Dentro do contexto supracitado, não se pode deixar de citar a importância do presídio de Ilha Grande-RJ, também conhecido como “Caldeirão do diabo”, onde toda a doutrinação feita pela esquerda revolucionária aos criminosos comuns aconteceu. Pode-se dizer que este presídio demonstra ser o berço do crime organizado contemporâneo, pois ali nasce uma das maiores organizações criminosa, denominada de Comando vermelho ou CV. Assim, escreve o jornalista Carlos Amorim, in verbis:

"O governo militar tentou despolitizar as ações armadas da esquerda tratando-as como 'simples banditismo comum', o que permitia também uma boa argumentação para enfrentar as pressões internacionais em prol da anistia e contra denúncias de tortura. Nivelando o militante e o bandido, o sistema cometeu um grave erro. O encontro dos integrantes das organizações revolucionárias com o criminoso comum rendeu um fruto perigoso: O Comando Vermelho".

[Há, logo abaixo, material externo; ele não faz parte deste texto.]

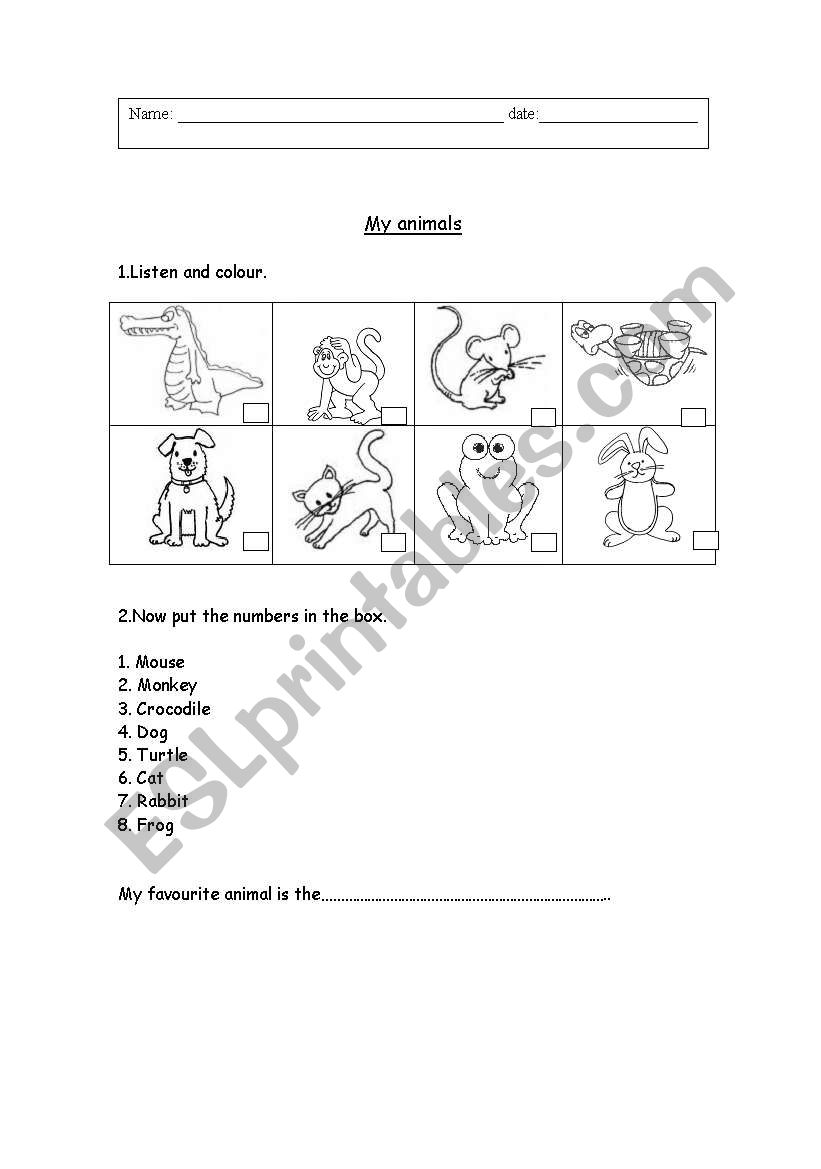 My animals worksheet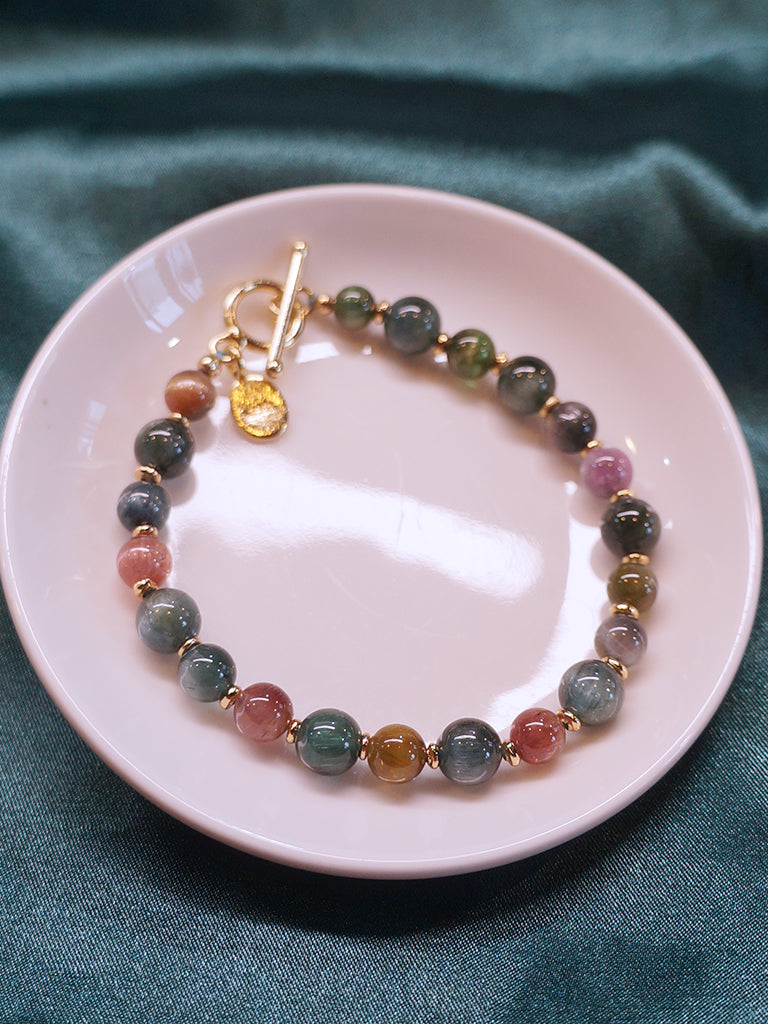 NEW!! 罕品｜彩色貓眼碧璽 手珠 C061001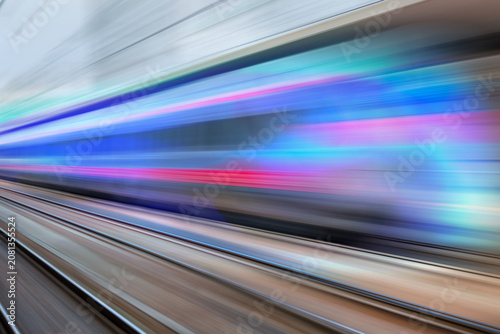 High speed train runs on rail tracks 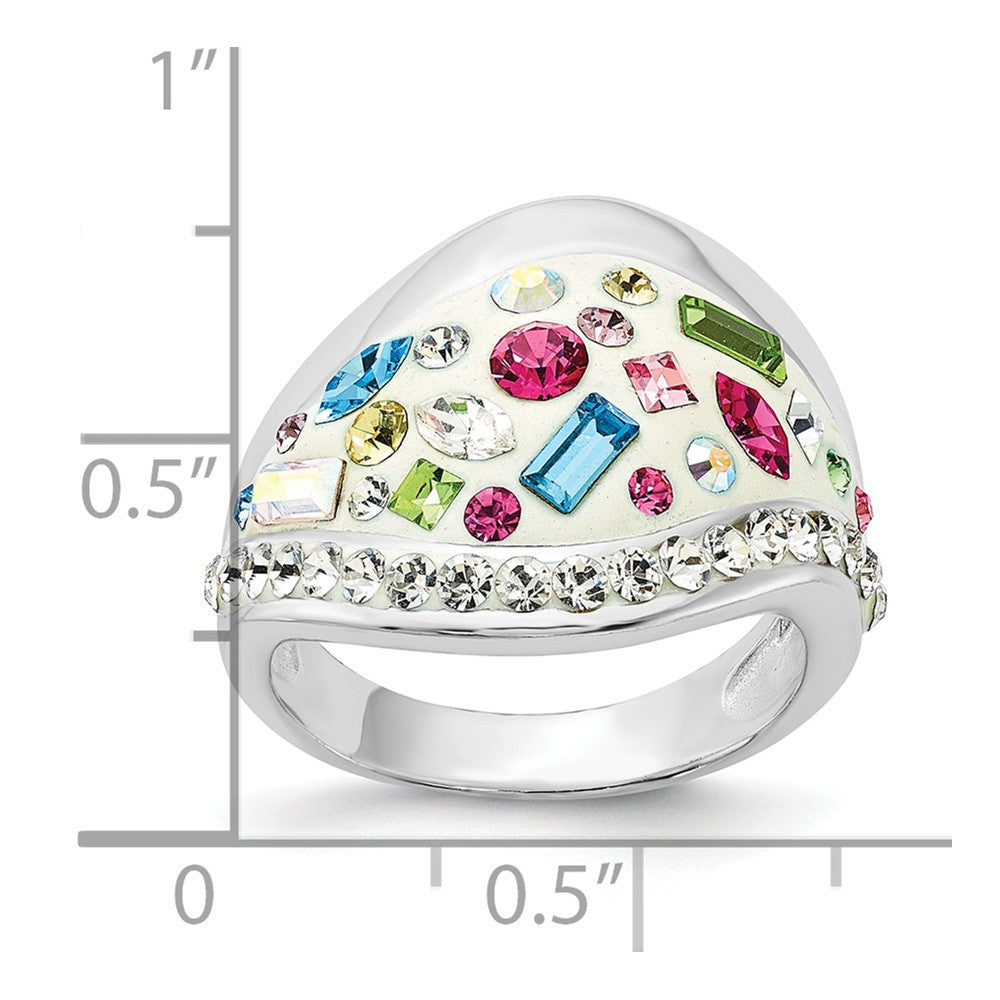 Sterling Silver Stellux Multi-Color Crystal White Ring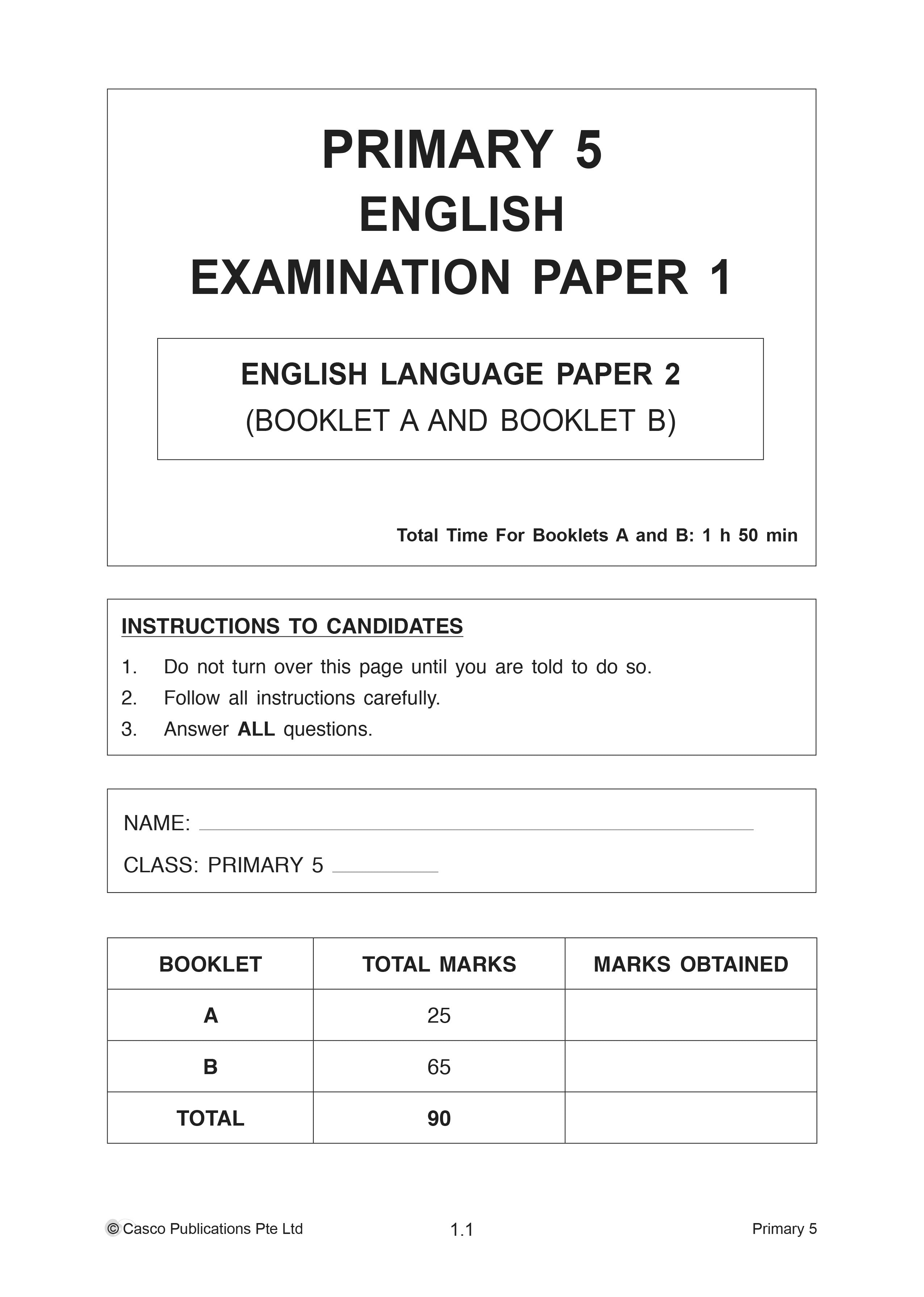 English Examination Papers Primary 5 (Pack) - 2nd Edition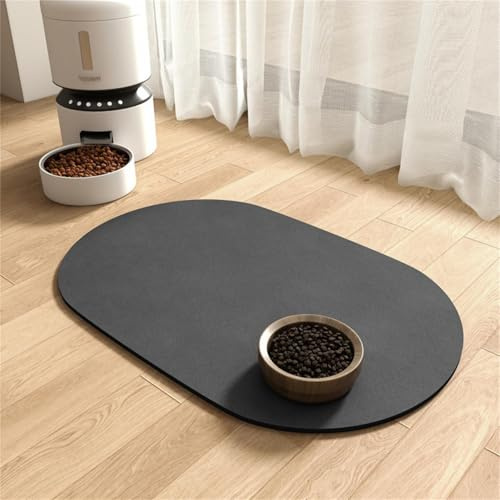 Hixingo Napfunterlage Hund Katzen Futternapf Unterlage, Saugfähige Haustier Futtermatte rutschfeste Hundenapf Unterlage Waschbar Katzennapf Futtermatte -Einfarbig (Schwarz,60x90cm)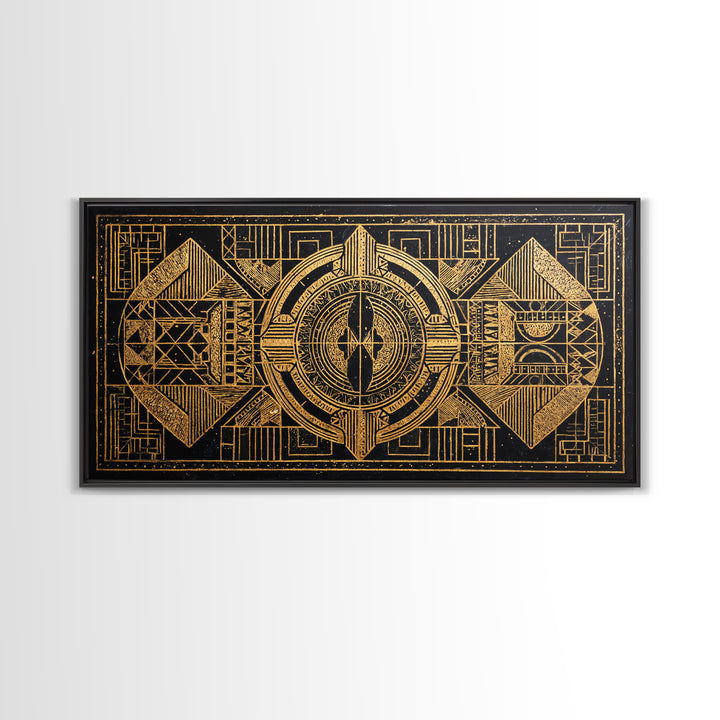 Gold Tribal Geometric Pattern Canvas Print, African Abstract Wall Art, Afrocentric Decor, Black Gold Luxury Home Decor, Statement Decor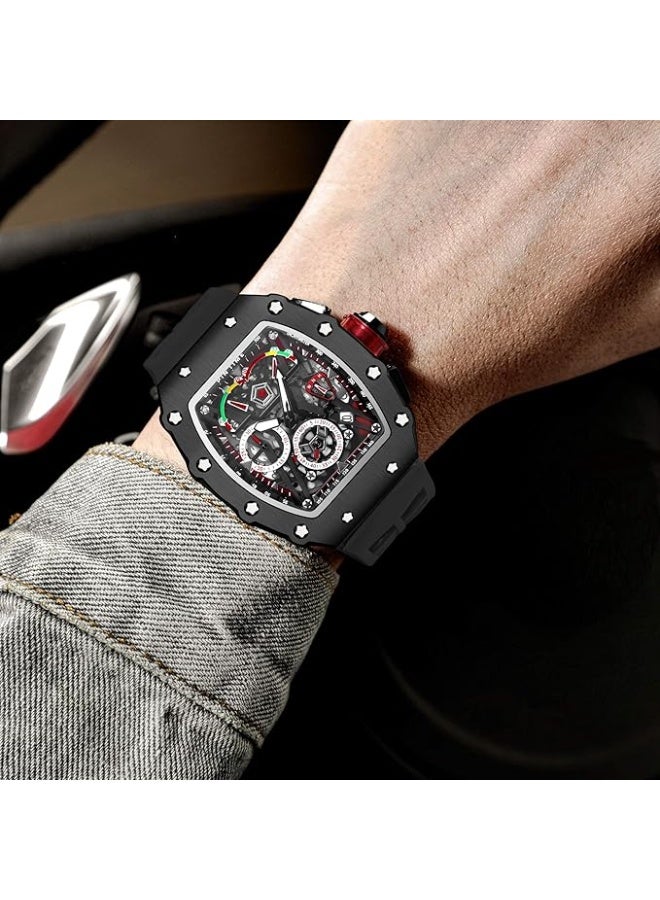 PINTIME Fashion Mens Watch Hallow Punk Chronograph Sports Wristwatch Luxury Designer Mens Watch - Image 5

Nota-se que com o passar dos anos as organizações criminosas buscou meios de desenvolver suas táticas de ação e, nessa perspectiva ganhou força meios velados e ardilosos de se buscar provas, que encontram no próprio investigado ou acusado, o instrumento mais seguro para sua obtenção.

2. ORGANIZAÇÕES CRIMINOSAS NO BRASIL

Quando o assunto é a origem das organizações criminosas no Brasil, ainda há muita divergência. Alguns autores defende a tese de que as organizações criminosas surgiram junto com o cangaço, no final do século XIX, o movimento seria a primeira organização criminosa do país. Portanto, o que se sabe é que com o passar dos anos esses grupos passam a priorizar a sofisticação das suas ações, com o intuito de dificultar o trabalho das autoridades que combatem esse tipo de crime.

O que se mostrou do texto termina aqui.